Ahazia, koning van Juda

22 De inwoners van Jeruzalem kozen toen Ahazia, zijn jongste zoon, als nieuwe koning. Dat kon ook nauwelijks anders, want zijn oudere broers waren door de plunderende Arabieren gedood. Ahazia was tweeëntwintig jaar toen hij de troon besteeg en regeerde één jaar vanuit Jeruzalem. Zijn moeder heette Athalia en was een kleindochter van Omri. Ook hij bewandelde de goddeloze wegen van Achab, want zijn moeder zette hem aan tot slechte daden. Hij was net zo goddeloos als Achab, want na de dood van zijn vader liet hij zich leiden door Achabs familie en die mensen leidden hem naar de ondergang. Ahazia volgde hun goddeloze advies op en sloot een bondgenootschap met koning Joram van Israël, een zoon van Achab. Joram was op dat moment in oorlog met koning Hazaël van Syrië. De strijd vond plaats bij Ramot in Gilead en Ahazia leidde zijn leger daar naartoe om deel te nemen aan de strijd. Koning Joram van Israël raakte gewond en keerde terug naar Jizreël om te genezen. Daarop ging Ahazia bij hem op ziekenbezoek. Door dit bezoek bracht God echter Ahaziaʼs ondergang nabij. Tijdens het bezoek ging Ahazia met Joram naar buiten om Jehu, de zoon van Nimsi, te ontmoeten. Deze Jehu was door de Here aangewezen om een einde te maken aan de familie van Achab. Terwijl Jehu de familieleden en vrienden van Achab opspoorde en doodde, ontmoette hij de neven van koning Ahazia en de leiders van Juda en doodde ook hen. Daarna gingen de mannen van Jehu op zoek naar Ahazia en vonden hem in de stad Samaria, waar hij zich had verborgen. Zij brachten hem naar Jehu, die hem doodde. Desondanks kreeg Ahazia een normale begrafenis, want hij was tenslotte een kleinzoon van koning Josafat, een man die de Here met toewijding had gediend. Niemand van Ahaziaʼs familie was in staat om het koningschap over te nemen.

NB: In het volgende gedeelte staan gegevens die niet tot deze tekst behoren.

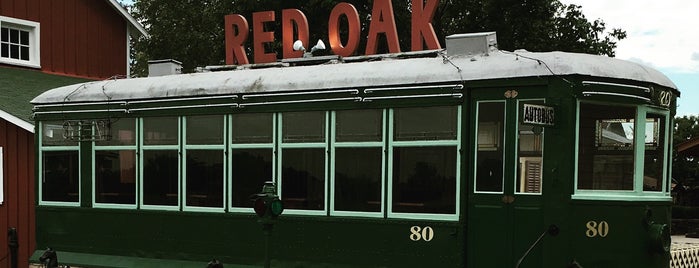 Red Oak II is one of Locais curtidos por Clarissa.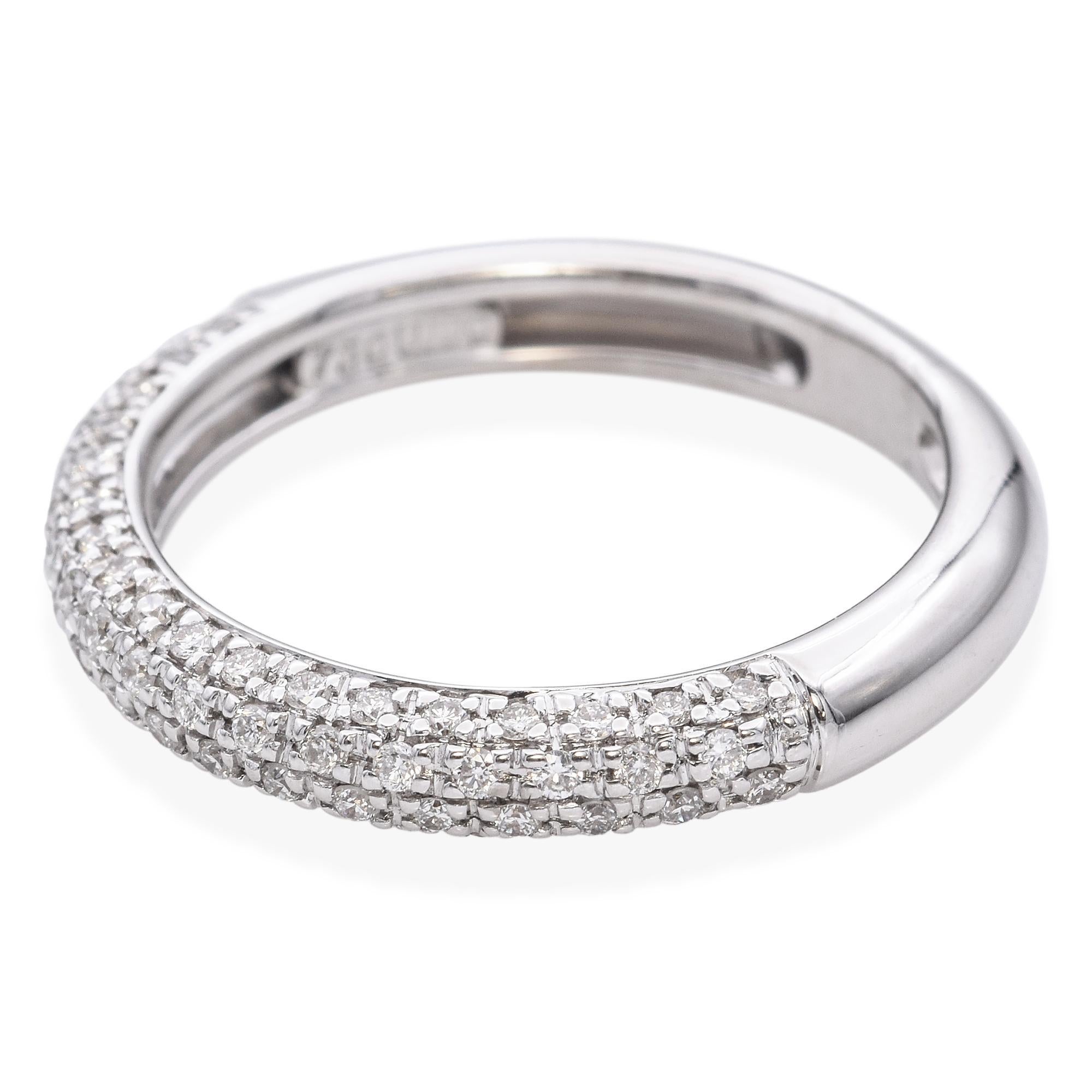 Elegante anello a fascia con diamanti in oro bianco 18 carati. Questo squisito anello a fascia è realizzato in oro bianco 18 carati. La superficie è ornata da una fila continua di diamanti bianchi scintillanti, che creano un effetto scintillante. La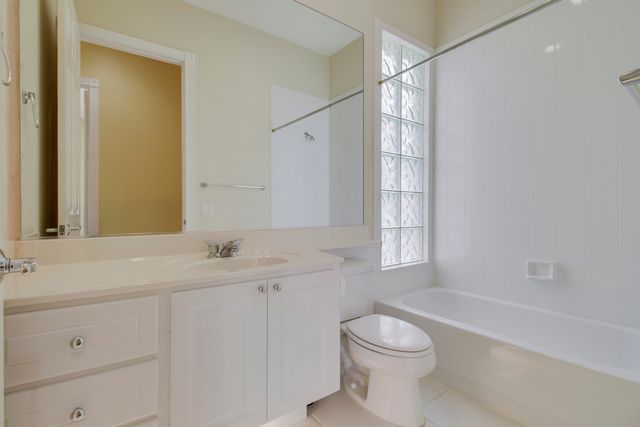 10755 WHARTON Way, Palm Beach Gardens, FL 33412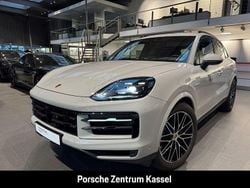 Grau Gebraucht 2024 Porsche Cayenne S E-Hybrid SUV | 104.690 € (Guter Preis)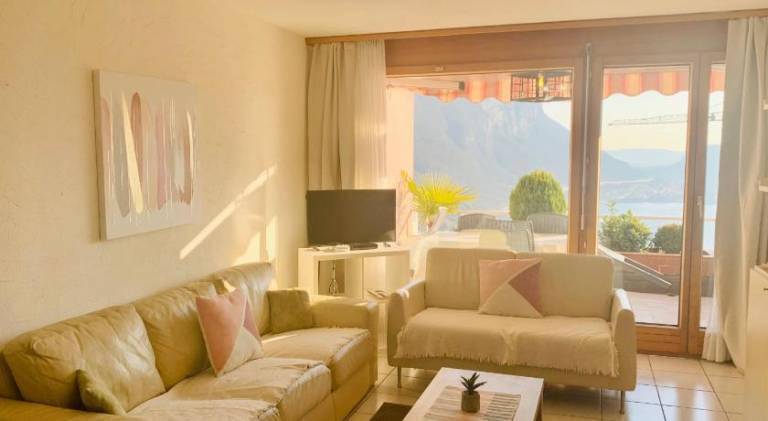 Holiday apartment with patio — photo 2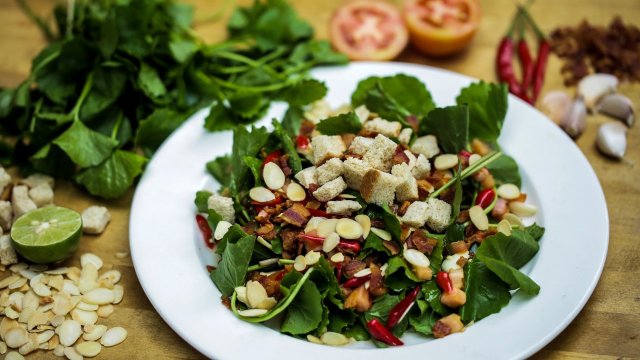 สลัดไทยใบบัวบก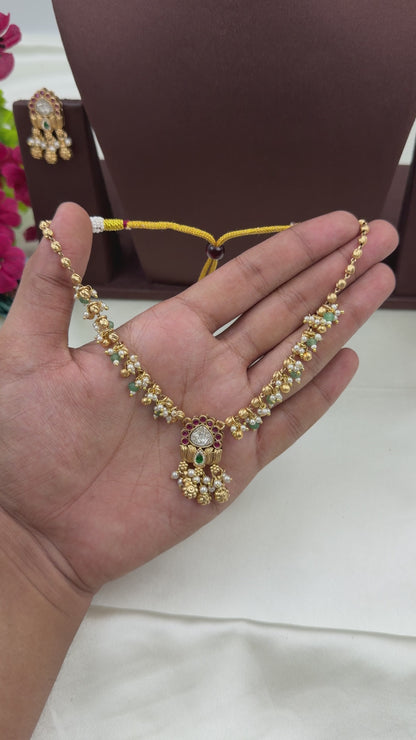 Hemanshi Chorski Necklace Set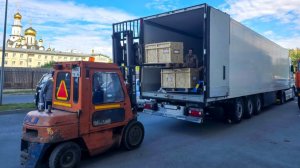 По инициативе Комитета семей и воинов Отечества из Сургута отправили 20 тонн гумпомощи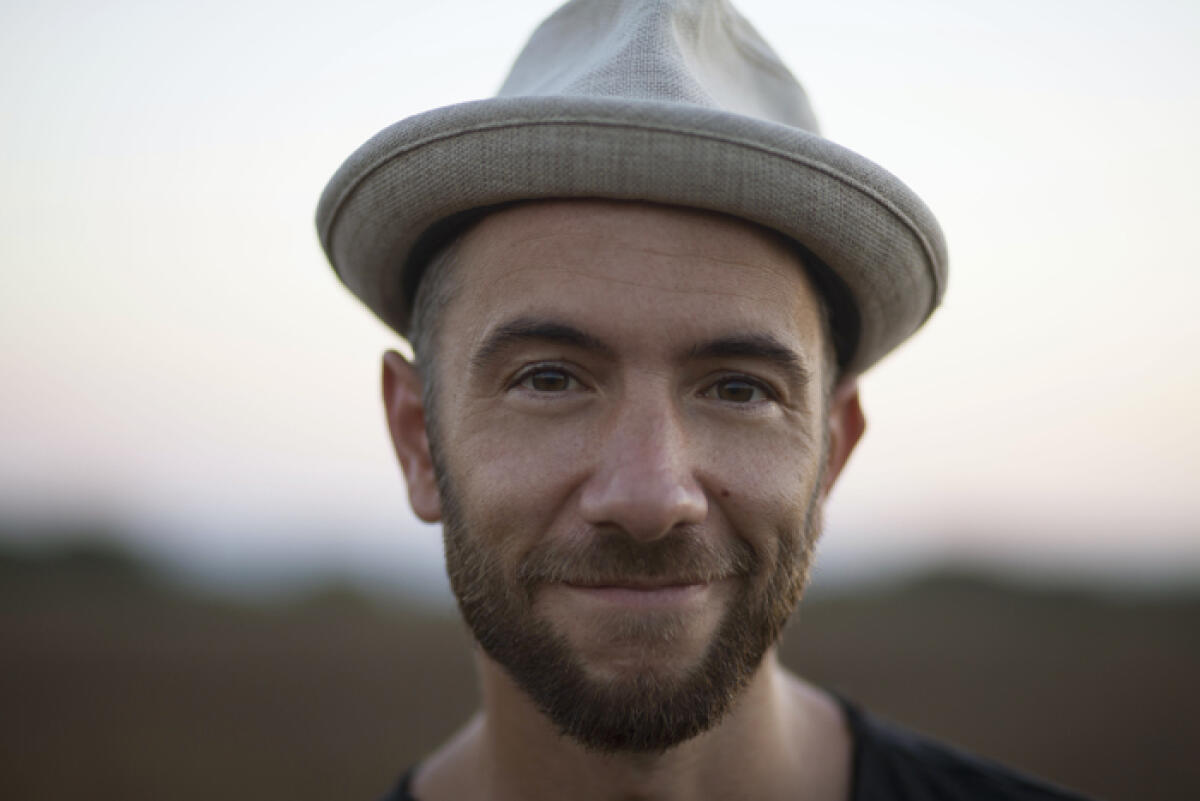 Riparte la stagione all'Ex Mattatoio di Aprilia: questa sera il concerto di Emilio Stella. Partiti anche i laboratori  di “Impararsuonando”. - 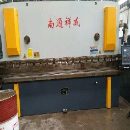 []出售一套13年四米长数控折弯机剪板机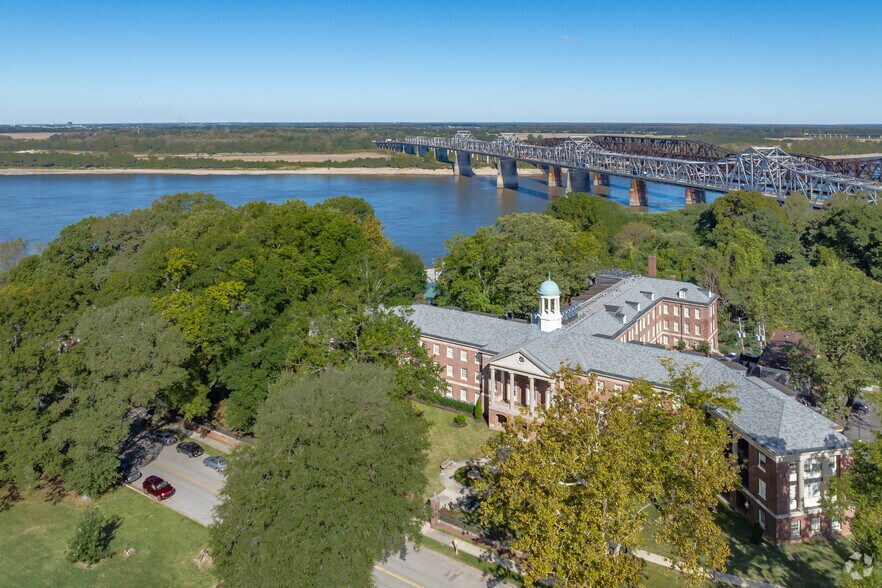 More Photos Of 360 Metal Museum Dr, Memphis Apartments For Sale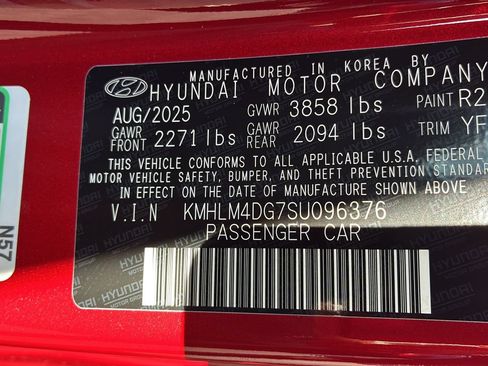 Used 2025 Hyundai Elantra Sport FWD image 11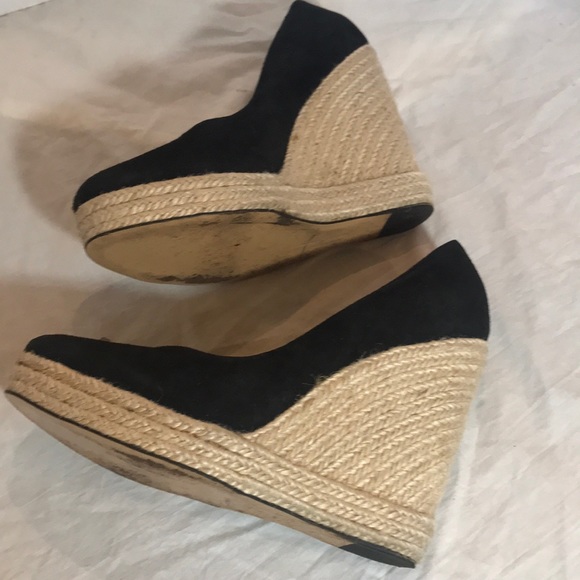 “FERRAGAMO” “Bernie” Black Espadrille Wedges. - Picture 7 of 16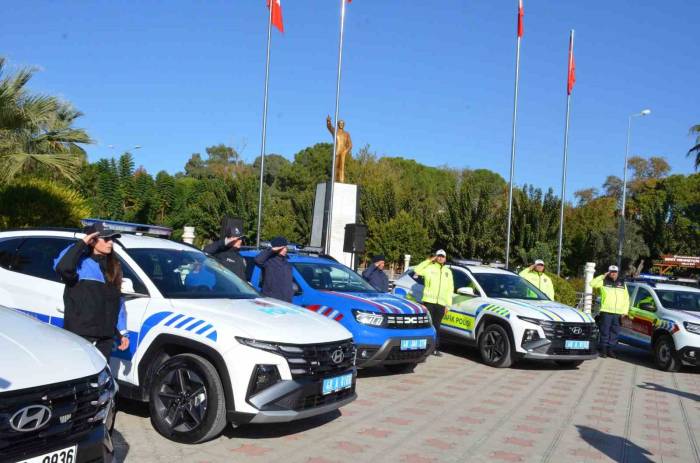 Dalaman’a Hayırseverlerin Katkıları İle Yeni Araçlar Kazandırıldı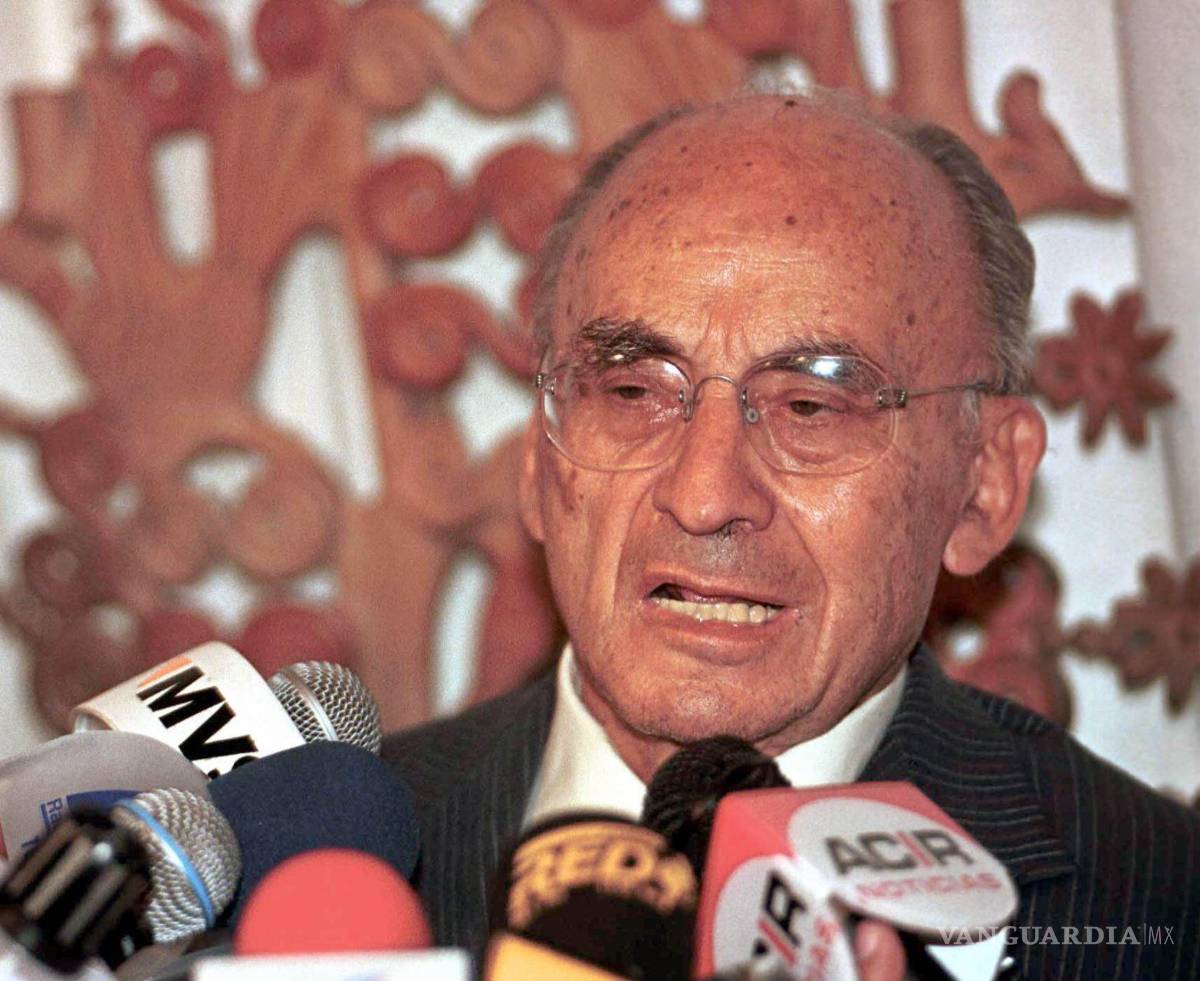 $!29 de noviembre de 2006.- El Segundo Tribunal Unitario ordenó la captura del ex presidente de México, Luis Echeverría Álvarez, por el delito de genocidio.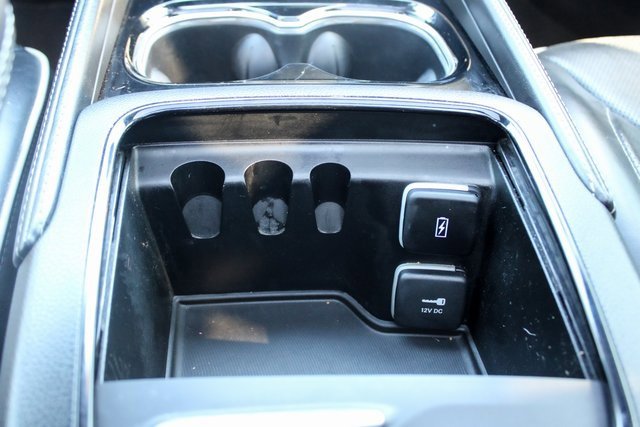 Used 2023 Chrysler Pacifica Limited w/ S Appearance Package image 19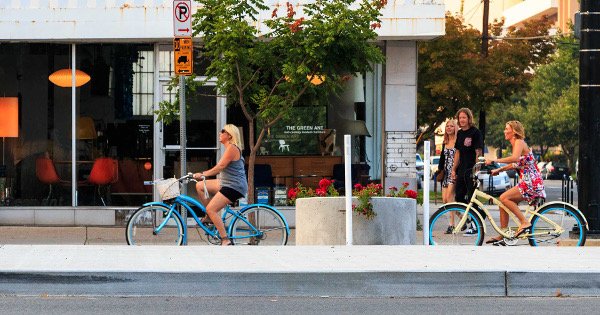 ActionfigureAI's tweet image. 79% of bike trips taken by US adults are not for commuting - why safe bike #intrastructure belongs on main roads ow.ly/JttB305MuuQ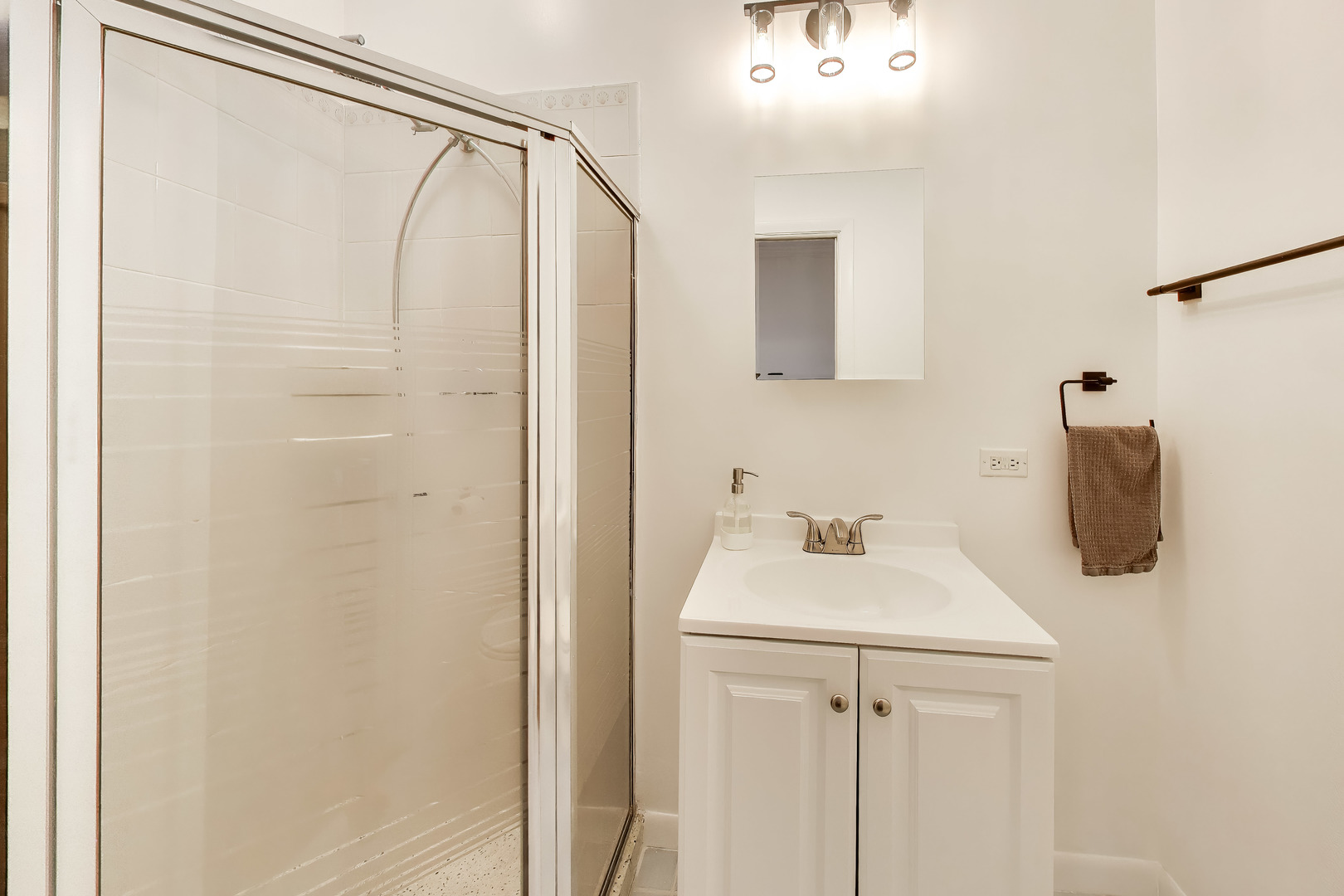 3808 North Pine Grove Avenue Chicago IL 60613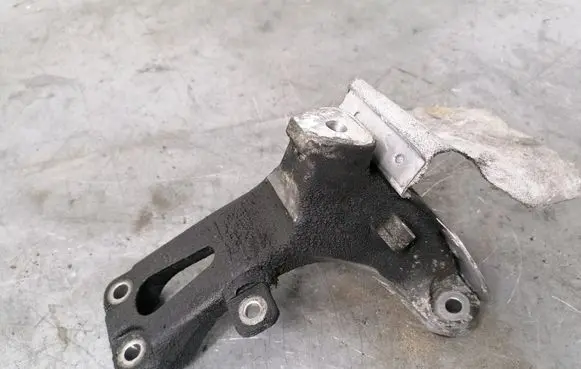 Audi A5 8T 8F Engine mounting bracket 8K0199388AS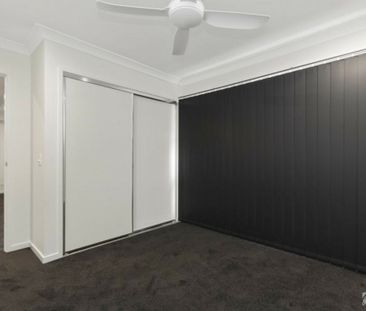 Gorgeous, spacious and centrally located! - Photo 5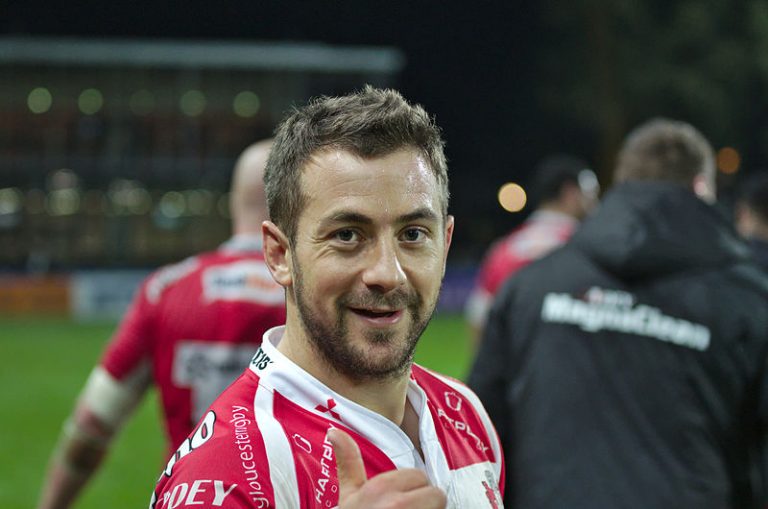 800px-USO-Gloucester_Rugby_-_20141025_-_Greig_Laidlaw (1)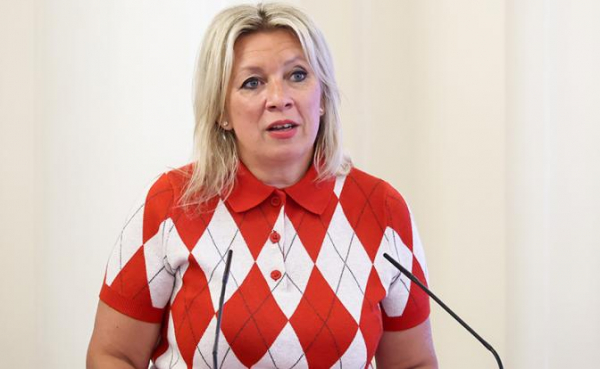 Захарова сравнила Канье Уэста с душевнобольным за песню о Гитлере Захарова сравнила Канье Уэста с душевнобольным за песню о Гитлере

10 Toen Ahaziaʼs moeder Athalia hoorde dat haar zoon dood was, liet zij alle zonen van het koningshuis van Juda doden. 11 Maar Josabath, een dochter van koning Joram en dus een zuster van Ahazia, haalde Ahaziaʼs zoon Joas weg bij de zonen die zouden worden gedood en verstopte hem met een verzorgster in een beddenkamer. Deze Josabath was de vrouw van de priester Jojada. Zo kon Athalia de kleine Joas niet doden. 12 Zes jaar lang bleef Joas in de tempel verborgen, terwijl Athalia als koningin regeerde.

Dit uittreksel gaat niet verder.